Une telle procédure serait en ligne avec l’article 16 -4 du code des douanes communautaire modernisé qui prévoit qu’avant de prendre une décision susceptible d’avoir des conséquences défavorables pour la personne à laquelle elles s’adressent, les autorités douanières informent cette dernière des motifs sur lesquels leur décision est fondée. La personne concernée a la possibilité d’exprimer son point de vue dans un délai déterminé. Malheureusement, le code des douanes modernisé n’est pas encore en vigueur et les dernières discussions communautaires évoquent désormais un report au-delà de 2015.
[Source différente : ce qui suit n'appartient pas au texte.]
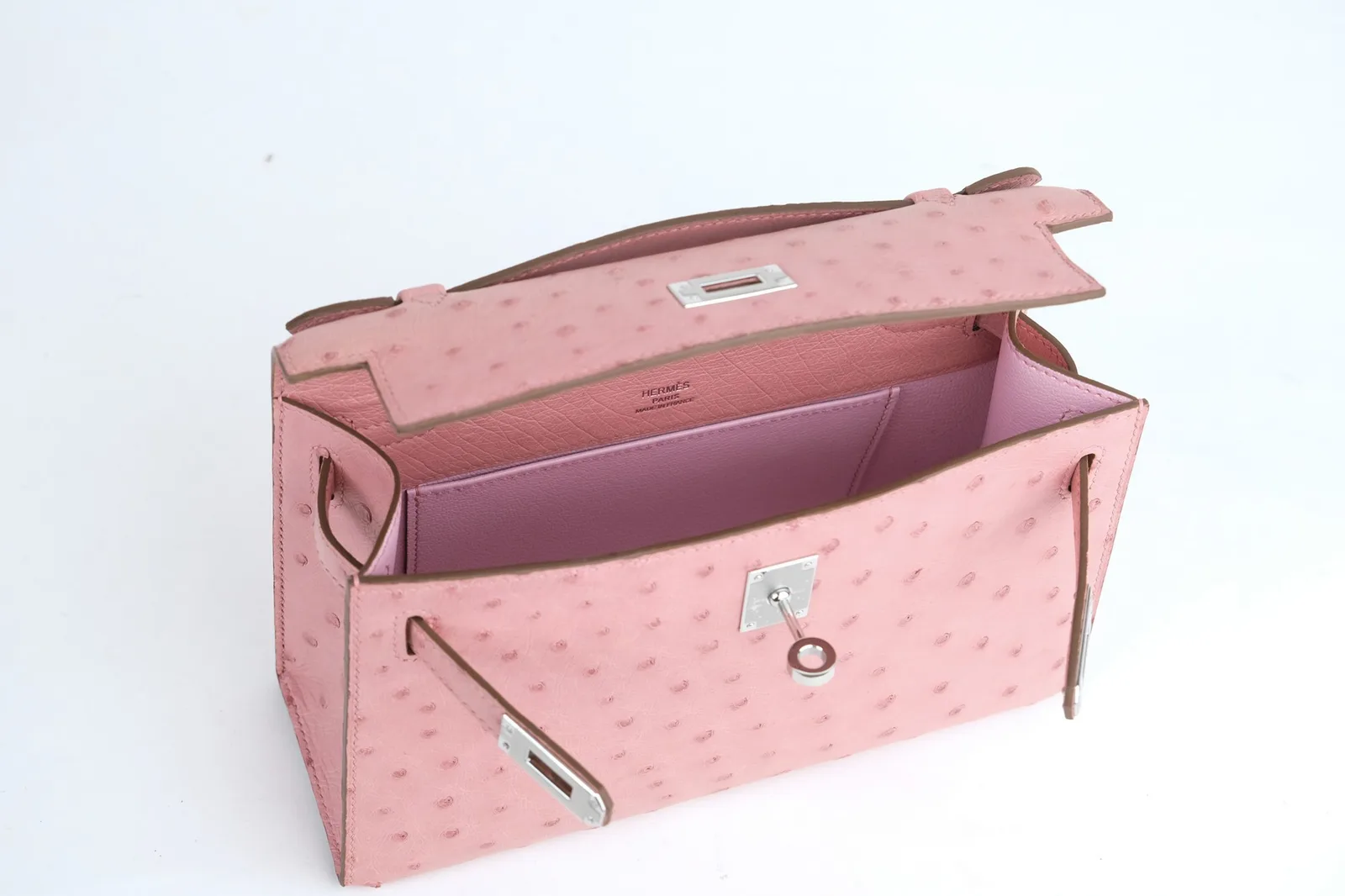 Ảnh Studio Túi clutch da đà điểu quai xách nắp gập khoá xoay - Koi Leather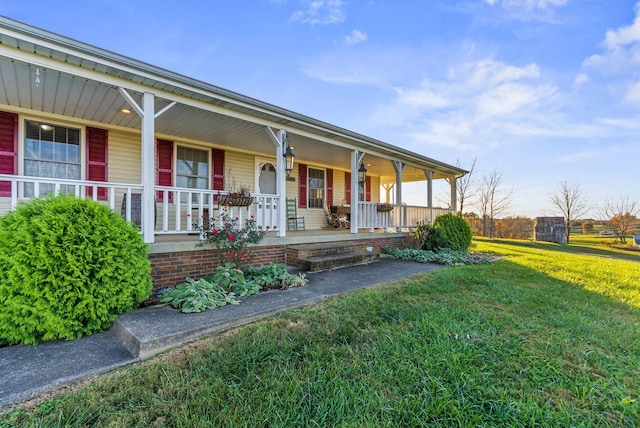 view of front of home with covered porch and a front yard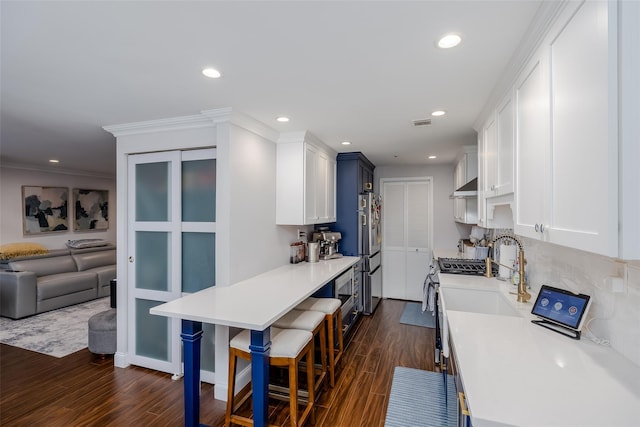 kitchen with a kitchen breakfast bar, stainless steel appliances, dark wood-type flooring, and ventilation hood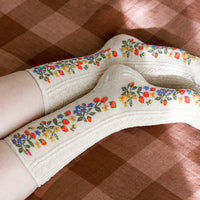 2: A pair of oatmeal colored socks with primary color strawberry print.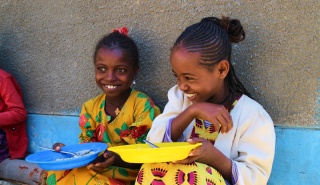 Zwei Mädchen essen zusammen in Äthiopien.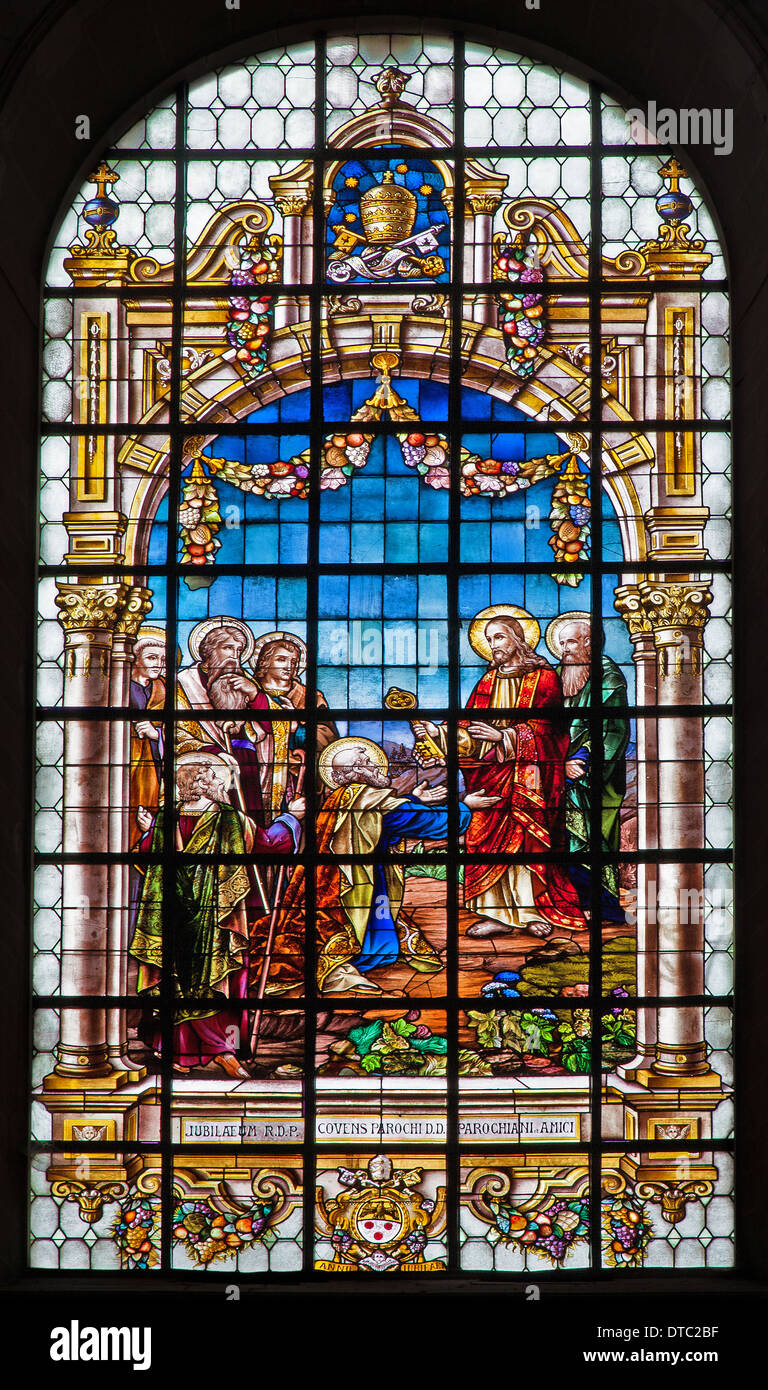 BRUSSELS, BELGIUM - JUNE 21, 2012: Jesus gives the keys of kingdom of heaven. Windowpane from Saint John the Baptist church. Stock Photo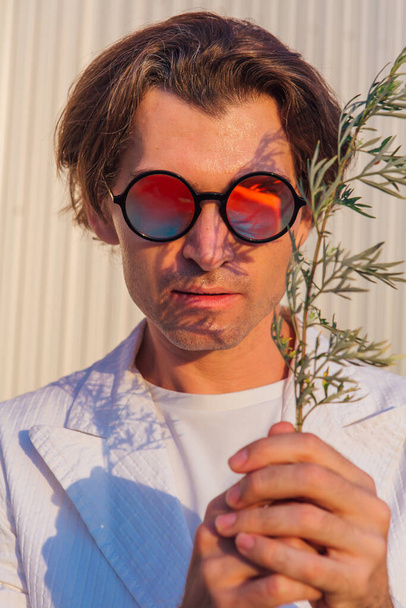 Close up portrait of a handsome man with round hippie sunglasses during sunset - Photo, image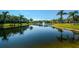 Picturesque pond lined with townhomes and palm trees, creating a serene atmosphere at 7685 Plantation Cir # B, University Park, FL 34201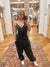 Expertly crafted from mineral washed cotton gauze, the Easy Days Black Jumpsuit offers a sophisticated yet casual look. The sleeveless design and adjustable straps provide a comfortable fit, while the deep V-neck and elastic waist add a touch of elegance. With side pockets for added convenience, this jumpsuit is perfect for any easy day. Boutique style Ashland, Kentucky 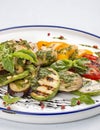 Grilled vegetables - tomatoes, zucchini, eggplant, sweet pepper, mushrooms. In a white plate Royalty Free Stock Photo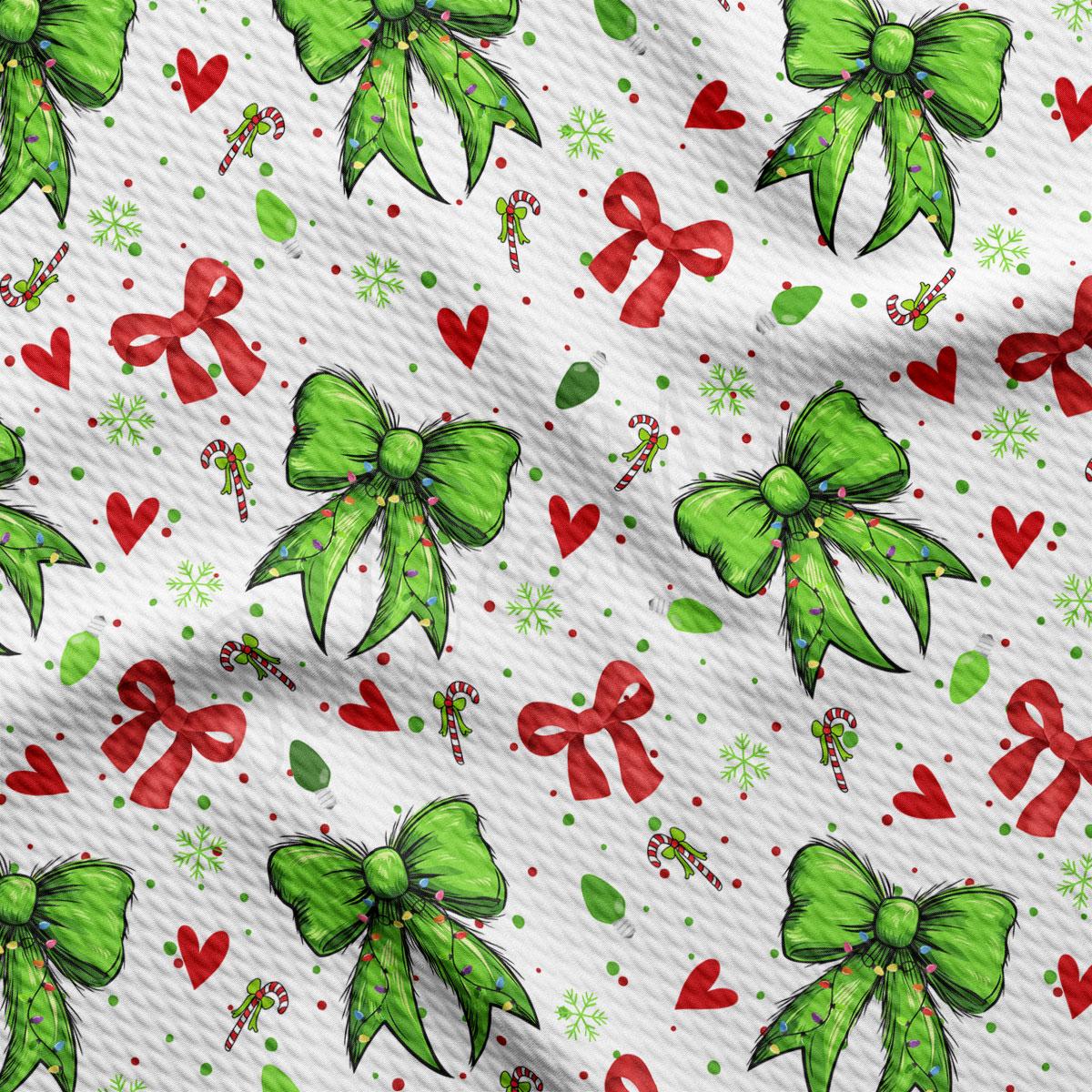 a repeating pattern of green bows, red bows, hearts, and snowflakes on a white background.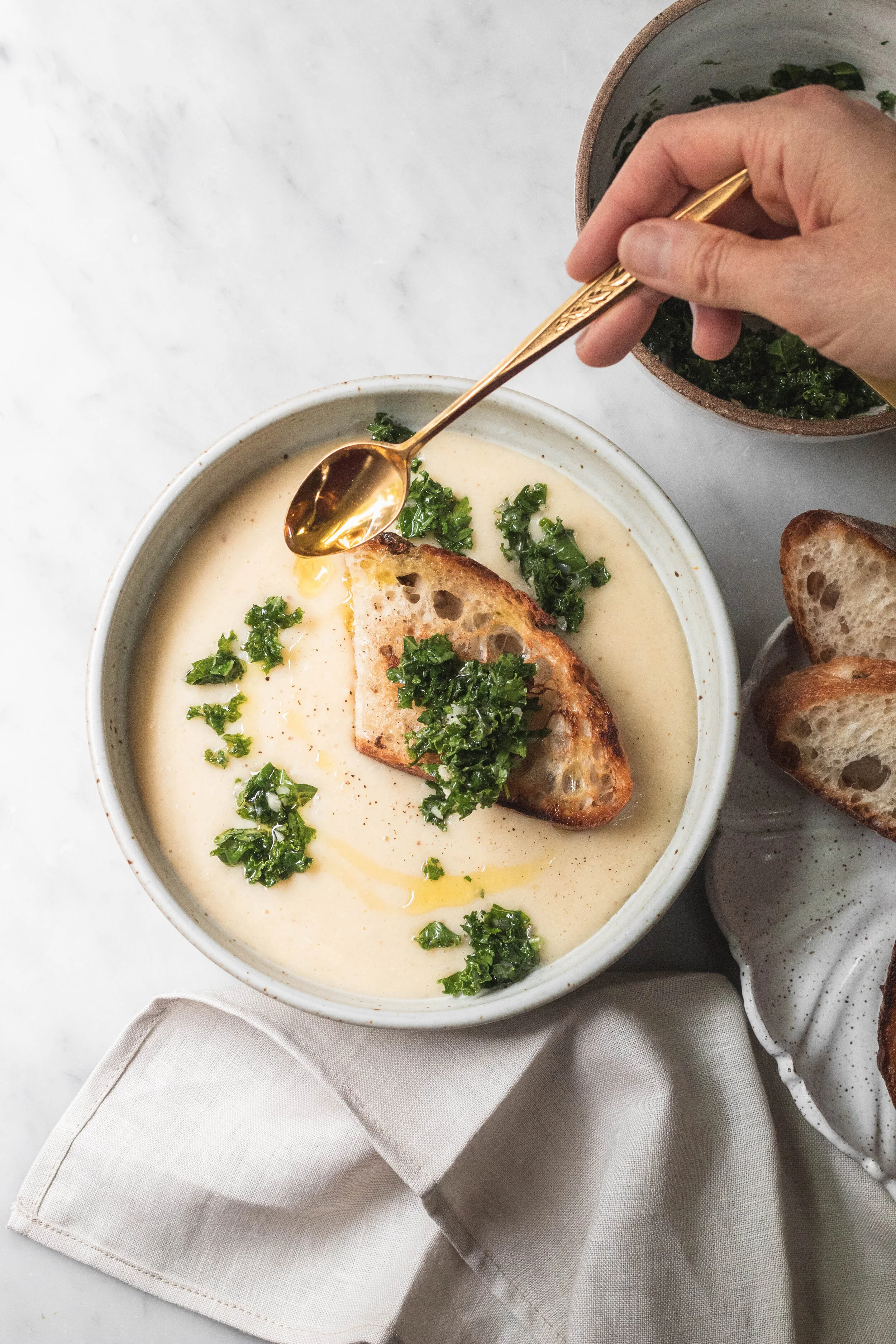 WHITE BEAN SOUP WITH CROUTONS AND SHAGGY KALE PESTO 
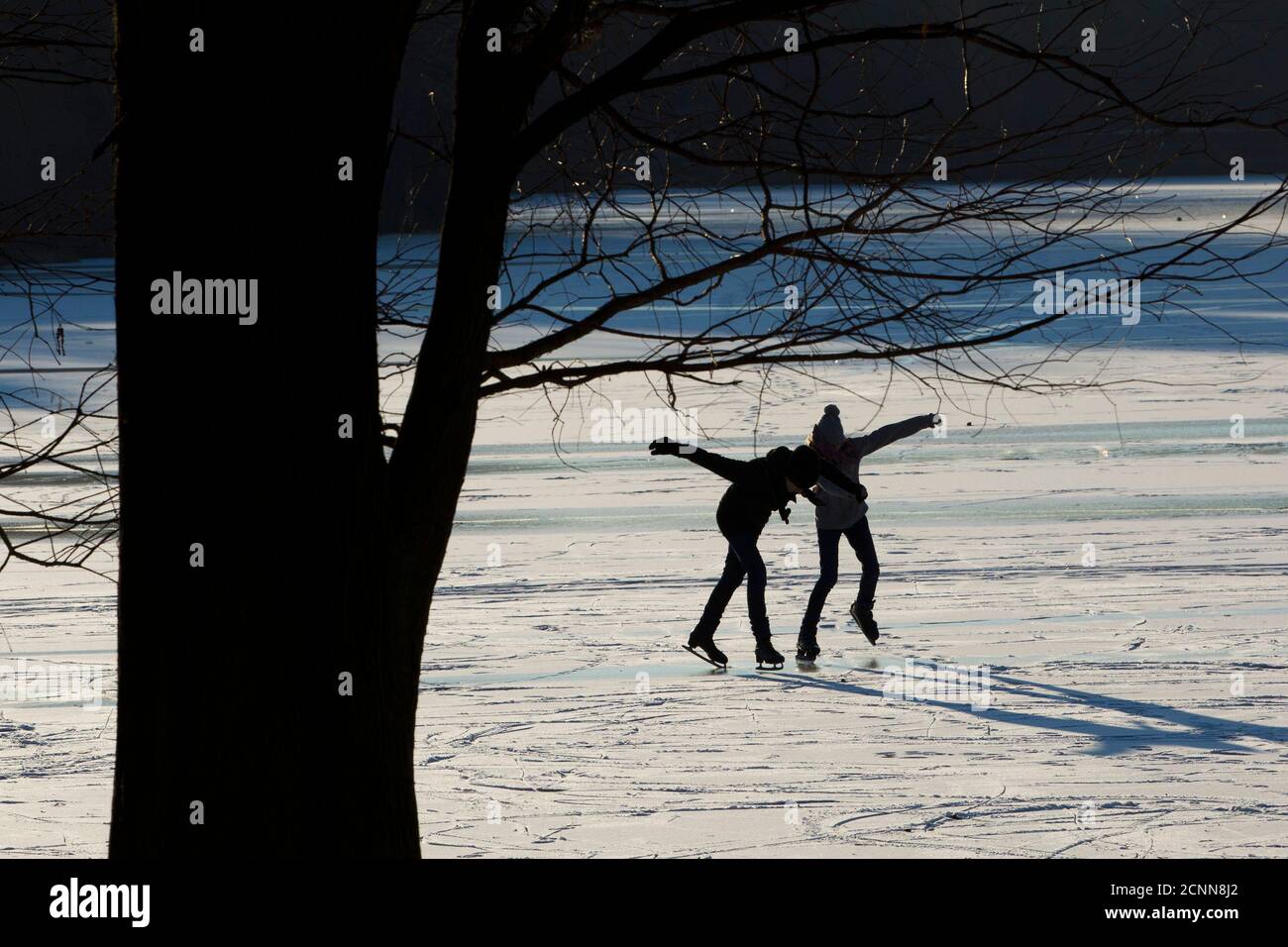A woman and a girl skate on a frozen lake on a cold sunny day in Berlin's Charlottenburg district, February 1, 2012. The cold snap which has gripped Europe and killed 60 people in the east is set to lift European power and gas prices further as energy demand for heating surges while temperatures are expected to stay below freezing point. German met office DWD expected the icy high pressure front from northern Russia to last well into next week. REUTERS/Thomas Peter (GERMANY - Tags: ENVIRONMENT SOCIETY) Stock Photo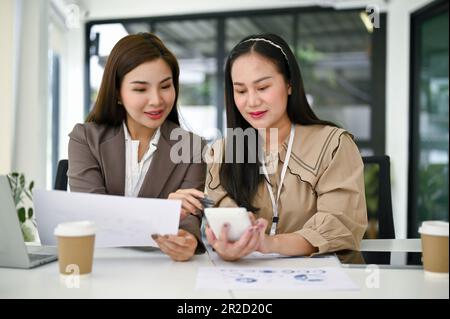 Le donne d'affari asiatiche o i ragionieri professionisti del millennio stanno lavorando, rivisitando i dati di vendite con calcolatore e analizzando i rapporti di dati finanziari dentro Foto Stock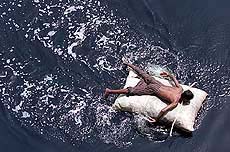 A man floats on a makeshift raft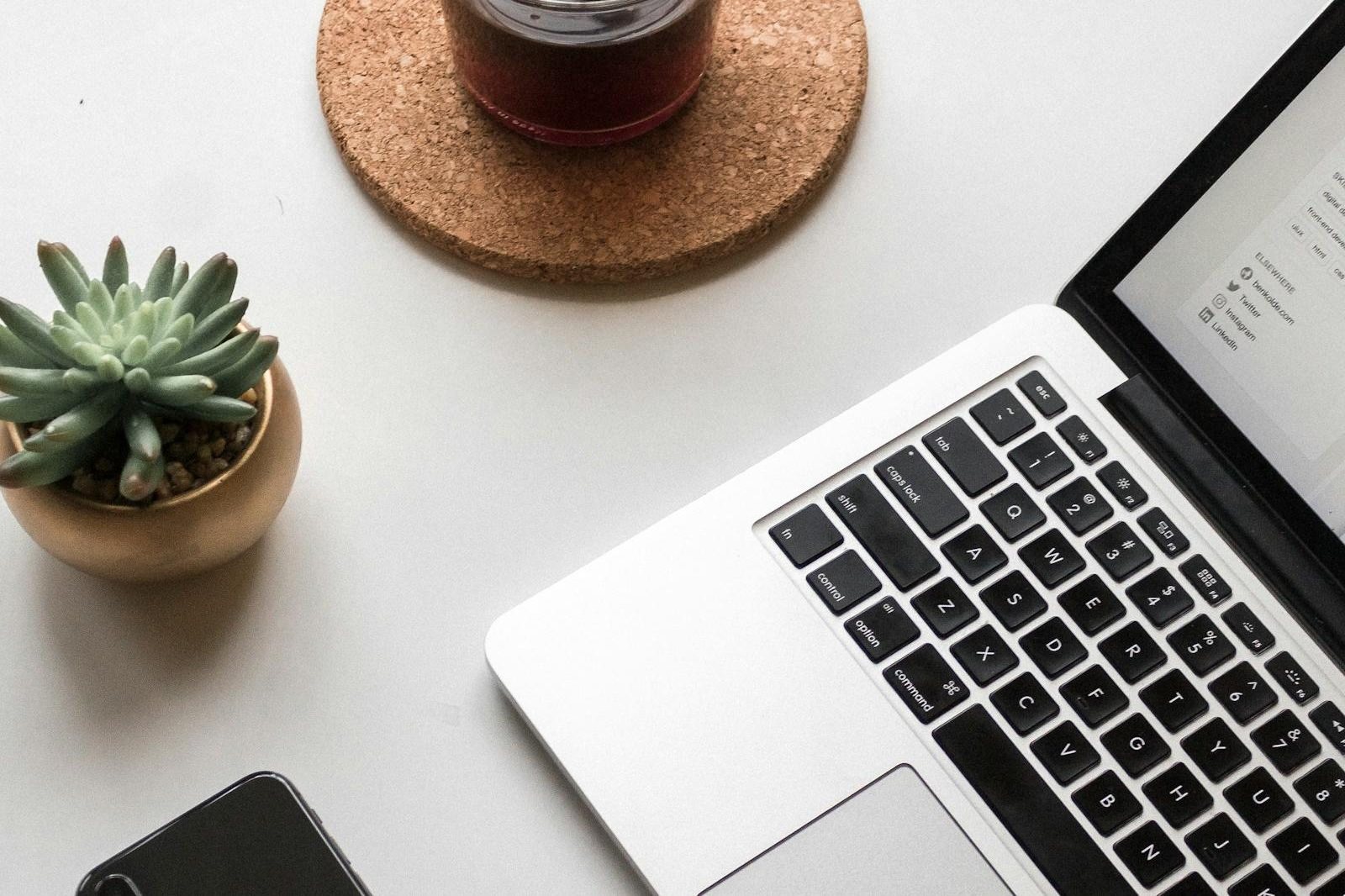 Laptop and notebook on a wooden desk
En attendant, il convient que la France se dote d’un outil d’attractivité et de sécurité juridique des entreprises et opérateurs du commerce international. Ne rien faire finirait certainement par coûter plus cher à l’Etat Français, car les contentieux ne manqueront pas de se multiplier. A ce sujet, deux questions prioritaires de constitutionnalité viennent d’être posées par la Cour de cassation concernant des procédures douanières (Cass com 14 octobre 2011 n°11-40053 et Cass com 15 novembre 2011, n°11-16254).